Yes, this means that the first piece of Python that we're going to write is going to generate an exception. But, it will be a good exception. We'll learn from it. So, fire up your Python shell and run the following command:
>>> import smtplib
>>> smtplib.SMTP('127.0.0.1', port=66000)
What are we doing here? We are importing smtplib, which is Python's standard library for working with the SMTP protocol. SMTP is an application layer protocol, which is used for sending e-mails. We will then try to open an SMTP connection by instantiating an SMTP object. We want the connection to fail and that is why we've specified the port number 66000, which is an invalid port. We will specify the local host for the connection, as this will cause it to fail quickly, rather than make it wait for a network timeout.
On running the preceding command, you should get the following traceback:
Traceback (most recent call last):
File "<stdin>", line 1, in <module>
File "/usr/lib/python3.4/smtplib.py", line 242, in __init__
(code, msg) = self.connect(host, port)
File "/usr/lib/python3.4/smtplib.py", line 321, in connect
self.sock = self._get_socket(host, port, self.timeout)
File "/usr/lib/python3.4/smtplib.py", line 292, in _get_socket
File "/usr/lib/python3.4/socket.py", line 509, in create_connection
File "/usr/lib/python3.4/socket.py", line 500, in create_connection
ConnectionRefusedError: [Errno 111] Connection refused
This was generated by using Python 3.4.1 on a Debian 7 machine. The final error message will be slightly different from this if you run this on Windows, but the stack trace will remain the same.

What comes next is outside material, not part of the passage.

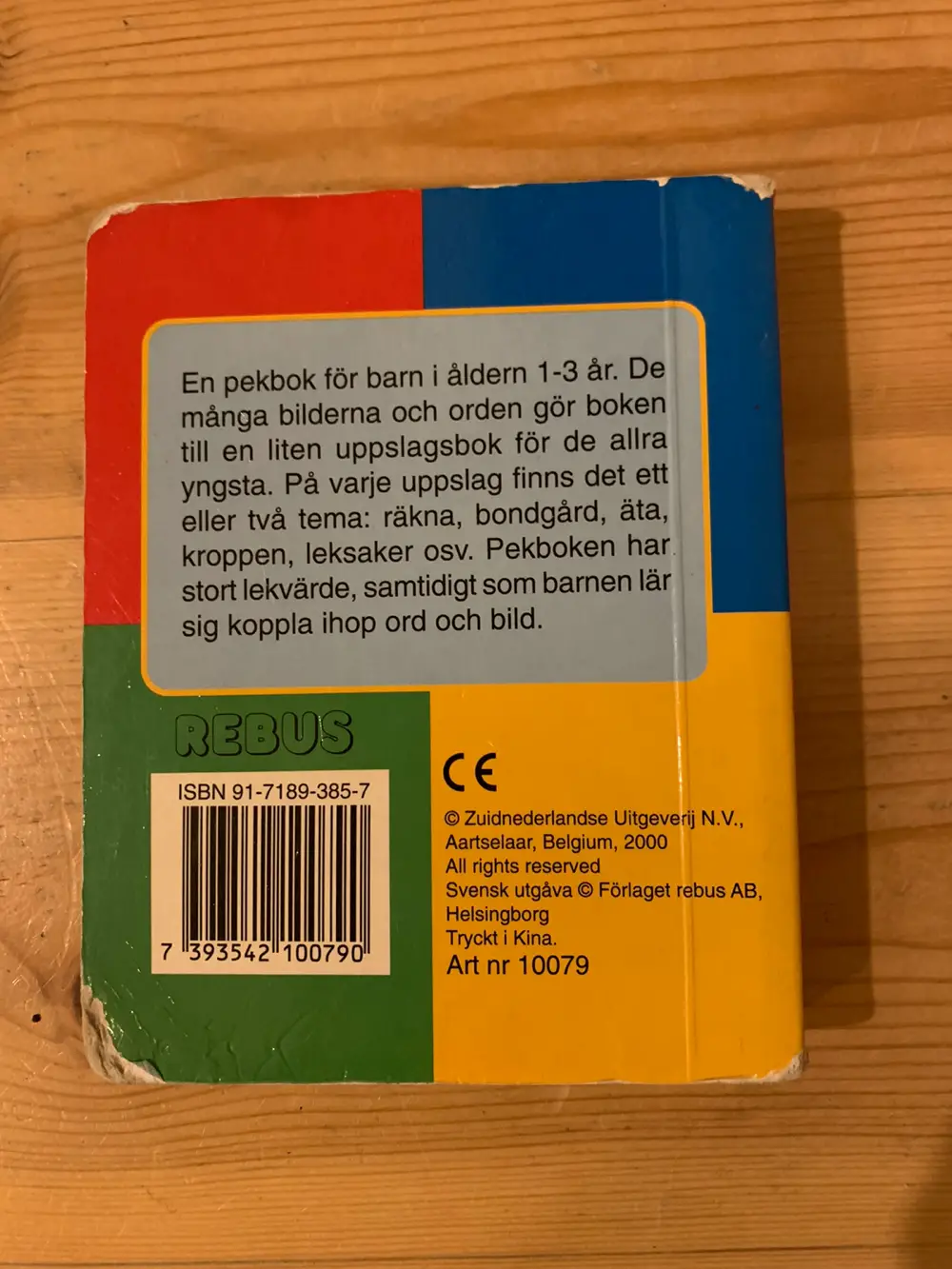 En pekbok med massor av saker Bog på svensk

Inspecting it will reveal how the Python network modules act as a stack. We can see that the call stack starts in smtplib.py, and then as we go down, it moves into socket.py. The socket module is Python's standard interface for the transport layer, and it provides the functions for interacting with TCP and UDP as well as for looking up hostnames through DNS.
From the preceding program, it's clear that the smtplib module calls into the socket module. The application layer protocol has employed a transport layer protocol (which in this case is TCP).
Right at the bottom of the traceback, we can see the exception itself and the Errno 111. This is an error message from the operating system. You can verify this by going through /usr/include/asm-generic/errno.h (asm/errno.h on some systems) for the error message number 111 (on Windows the error will be a WinError, so you can see that it has clearly been generated by the OS). From this error message we can see that the socket module is calling down yet again and asking the operating system to manage the TCP connection for it.
Python's network modules are working as the protocol stack designers intended them to. They call on the lower levels in the stack to employ their services to perform the network tasks. We can work by using simple calls made to the application layer protocol, which in this case is SMTP, without having to worry about the underlying network layers. This is network encapsulation in action, and we want to make as much use of this as we can in our applications.